So, let's say you're considering your options in the 2016 presidential race, and you're getting a little antsy. is it really just Clinton or Trump, Trump or Clinton? Well, not entirely. There are some third-party candidates in the mix who could receive anywhere from modest to surprising levels of support, and the man pictured above is foremost among them: Gary Johnson, the former Republican Governor of New Mexico, and the current Libertarian Party candidate for president. But here's the big question: could Gary Johnson actually debate Donald Trump?
If you've ever been a supporter of a third-party candidate, then this is a question you know all too well. There are countless organizational, financial and perceptual hurdles to overcome when you're trying to get elected president without a D or an R next to your name, and the issue of debate access is perhaps the biggest, clearest demonstration of that. If you can't take the stage alongside the other candidates, and challenge them in an exchange of ideas and rhetorical styles, you can kiss your chances goodbye.

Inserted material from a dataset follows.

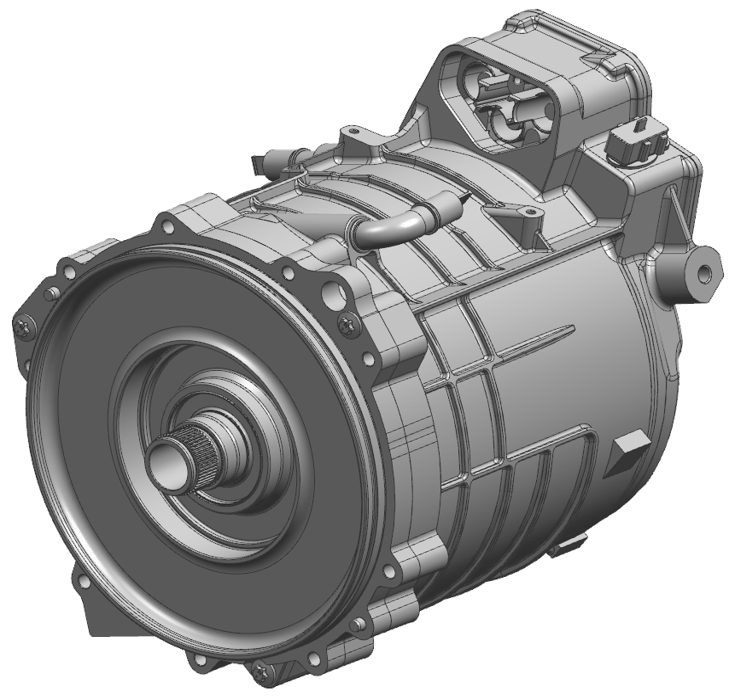 Moteur électrique synchrone à aimant permanent haute tension de Valeo de 300kW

If you're barred from the debates, your message to voters might as well be "go ahead, throw your vote away!"
On the other hand, if you do manage to get in, you can start making some moves. There hasn't been a third-party candidate who's participated in a general election presidential debate since Ross Perot in 1992, however ― it's a very steep hill to climb.
Here's the basic idea: the presidential debates are organized by the Commission on Presidential Debates (CPD), a non-governmental, not-for-profit firm formed in 1987, in the hopes of ensuring that the public gets to see its presidential candidates face-off before election day. And the CPD requires a minimum polling average to qualify for its debates ― here's how their official website puts it.

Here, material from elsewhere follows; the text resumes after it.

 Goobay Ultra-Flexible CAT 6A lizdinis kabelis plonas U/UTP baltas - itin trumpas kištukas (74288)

Under the 2016 Criteria, in addition to being Constitutionally eligible, candidates must appear on a sufficient number of state ballots to have a mathematical chance of winning a majority vote in the Electoral College, and have a level of support of at least 15 percent of the national electorate as determined by five selected national public opinion polling organizations, using the average of those organizations’ most recently publicly-reported results at the time of the determination.
Now, the ballot access hurdle has already been cleared, by virtue of Johnson being the Libertarian Party's nominee. The Libertarian and Green parties are the strongest third-parties in this regard, with the former's ticket on the ballot in 32 states. In other words, Johnson and his party are already in the clear for the first requirement ― however unlikely it may be, he could theoretically get to 270 electoral college votes, which means he'd be eligible to appear alongside Trump (and Clinton, naturally) when the general election debates roll around.

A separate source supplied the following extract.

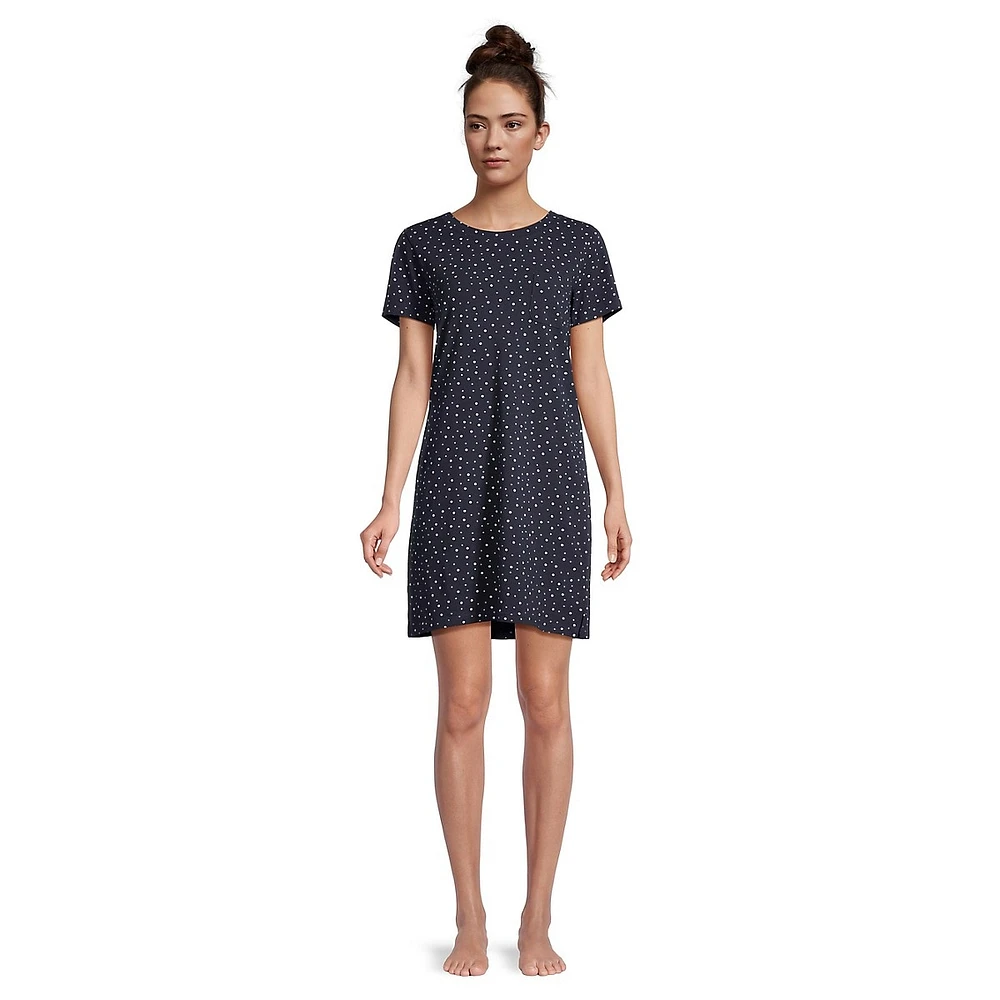Infinity Cotton-Rich Short-Sleeve Sleepshirt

The trickier part is the polling. The CPD requires that a candidate receive a average of 15 points or more from five major polling firms heading into the debate, and that number represents a higher share of support then any non-Democrat or Republican has received since, you guessed it, Ross Perot in 1992. Under normal circumstances it would be virtually impossible to imagine Johnson reaching this number ― back in 2012, he finished at just one percent, which was still the best finish ever for a Libertarian candidate.
But this cycle, with the ever-polarizing Trump having nabbed the Republican nomination? Who knows? It's not likely to happen, sure, but we've certainly seen stranger phenomena in electoral politics before. One thing's for certain, however ― if Johnson actually has designs on making this election interesting, he has to find a way to get on that stage, and convince conservatives that he's the real choice, not Trump. It'll be fascinating to see if he can pull it off.